Bound states of a one-dimensional Dirac equation with multiple delta-potentials

Abstract

Two approaches are developed for the study of the bound states of a one-dimensional Dirac equation with the potential consisting of N δ-function centers. One of these uses Green’s function method. This method is applicable to a finite number N of δ-point centers, reducing the bound state problem to finding the energy eigenvalues from the determinant of a 2 N × 2 N matrix. The second approach starts with the matrix for a single delta-center that connects the two-sided boundary conditions for this center. This connection matrix is obtained from the squeezing limit of a piecewise constant approximation of the delta-function. Having then the connection matrices for each center, the transmission matrix for the whole system is obtained by multiplying the one-center connection matrices and the free transfer matrices between neighbor centers. An equation for bound state energies is derived in terms of the elements of the total transfer matrix.
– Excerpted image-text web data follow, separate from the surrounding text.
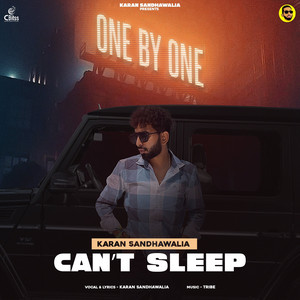 Can't Sleep by Karan Sandhawalia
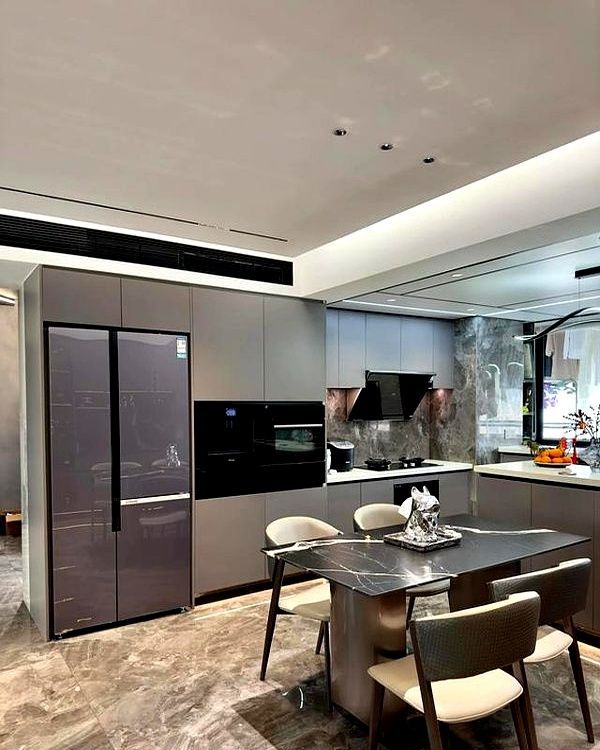 300平意式大平层，越看越高级越住越幸福！ - 家居知识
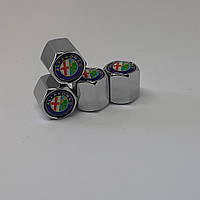 Ковпачки на ніпеля Alfa Romeo (4 шт.)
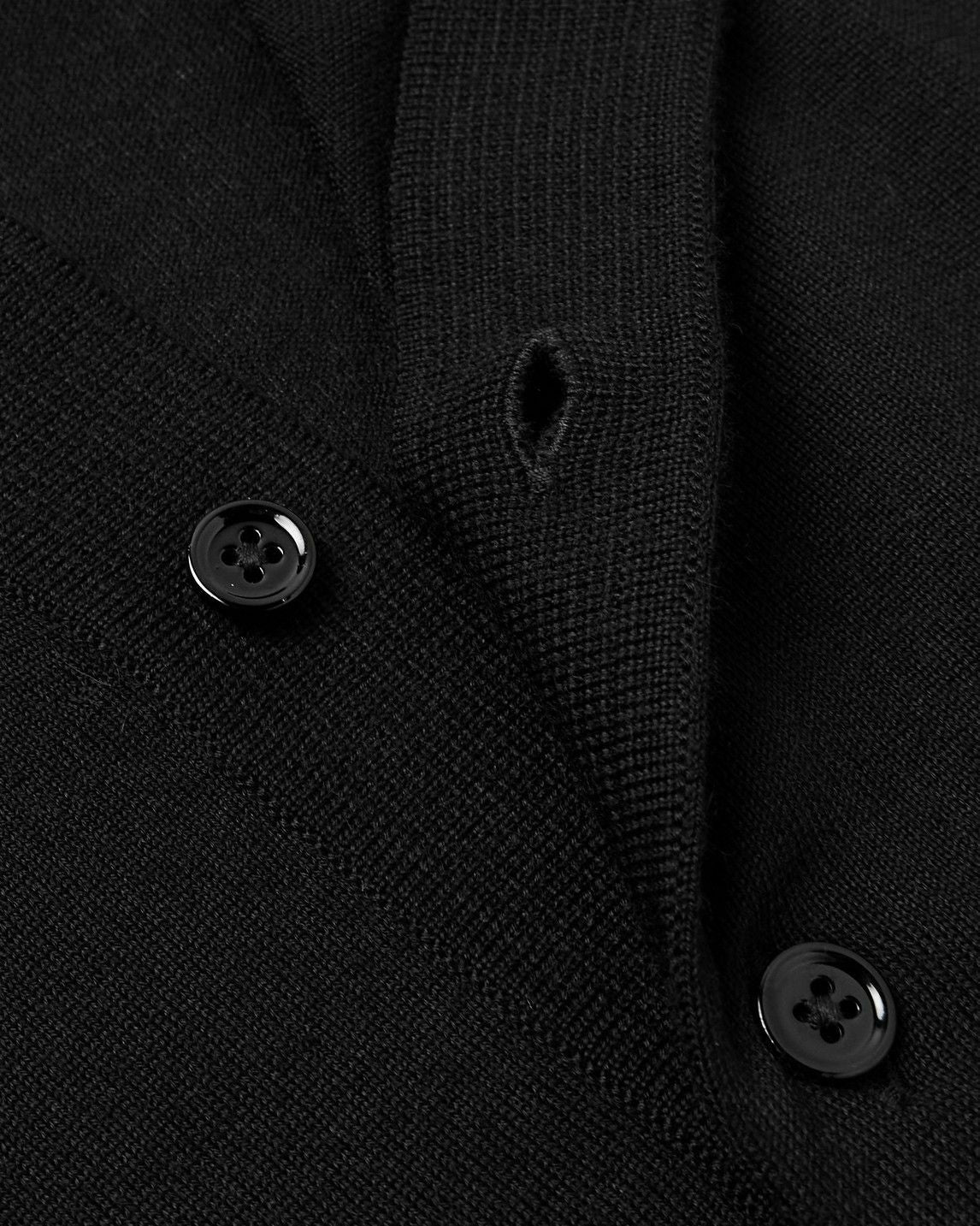 Tom Ford - Slim-Fit Cashmere and Silk-Blend Polo Shirt - Black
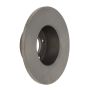 CENTRIC PARTS 121.34014 C-Tek Standard Brake Rotor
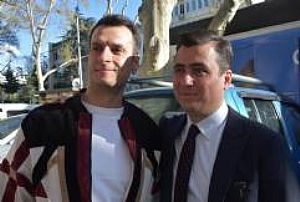 KIZILAY BAYRAMLAŞMA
Within both approaches, the transcendental equations for bound state energies are derived, the solutions to which depend on the strength of delta-centers and the distance between them, and this dependence is illustrated by numerical calculations. The bound state energies for the potentials composed of one, two, and three delta-centers (N = 1, 2, 3) are computed explicitly. The principle of strength additivity is analyzed in the limits as the delta-centers merge at a single point or diverge to infinity.